The safety of my kids is paramount. I am worried that I am not doing enough to get him calm around my kids. I can't really remember the last time he nipped them but I am always on edge which I know I shouldn't be.

Then there is the darn snow. It is hard to exercise him so that he is "free" and playful. It seems he always gets overstimulated quickly. When we are outside we have my big coat, gloves, and boots to contend with.

I feel like the logistics of progressively more distractions is completely laughable at my house. My 3 y.o. will wear fancy huge dresses around him with long ties. Then change into an angel costume. ALL DAY. I watch them all the time, crate him, have him gated in the living room (with me in it) and then try to monitor when they are together. I discourage this and coax her into normal clothes, but I fail in that regard, too. I also feel like she should be able to dress up as she likes. You are only 3 once. I use the dresses as training opportunities but I don't know if I am doing it right.

I really need to hear from people who successfully trained a dog-- their first-- around children who are 2 or 3. A dog, I might add, who is not naturally gentle with children but not afraid of them. 

Anyway, again, I feel like he (we) are going BACK in training, not forward. Not progressing. It highlights to me that I don't know what I am doing.


----------



## solinvictus (Oct 23, 2008)

Please don't be discouraged. Puppies are hard work but so worth the effort. We all go through 2 steps forward then 5 steps backwards. 
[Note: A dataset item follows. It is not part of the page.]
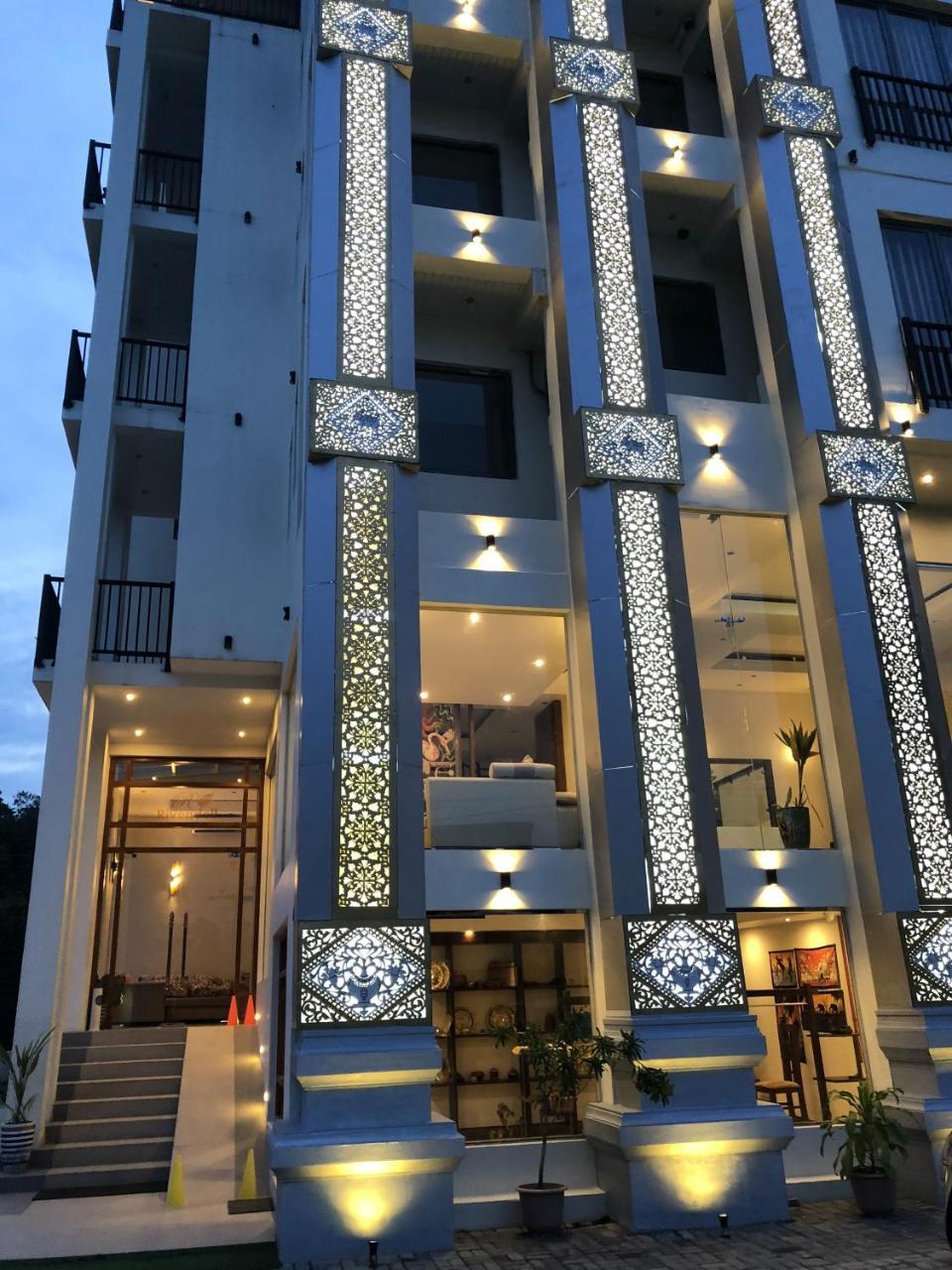 Rivendell Hotel Kandy Eksteriør bilde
It is really important that you do set up structured training times with just you and your pup along with the daily household chaos. It is also important to give your daughter time to play in those dresses without you having to keep her safe from the pup. So you may set up some time to reward the pup for his good choices while she is in her dress up clothes and then put him in the x-pen to play with safe doggie items. This will give him time to learn to entertain himself but also keep him from picking up bad habits while you are not keeping both eyes on him. It is also important to teach your daughter that there are times during the day when she needs to wear normal daily safe clothing while you are doing daily chores including working with the pup.

You will have to find the right routine (schedule) and with a young family the schedule has to be flexible. 

I have trained both young puppies and young children successfully together in the past but I admit that my children are now grown. 

Have a daily training plan. Have formal training sessions twice a day. They shouldn't last more than 5 or 6 minutes. The rest of the pups measured meals are for all the good choices that are made through out the day. For those 2 formal training sessions it is just you and the pup. Either an older child, your partner or have your youngest sit at the table and color while puppy is doing his formal training (school lesson) have her do a school lesson age appropriate at the table at the same time. If you find that you have an opportunity to train something you really want to train but it wasn't on the today list be flexible do it and move something from the list onto tomorrows list.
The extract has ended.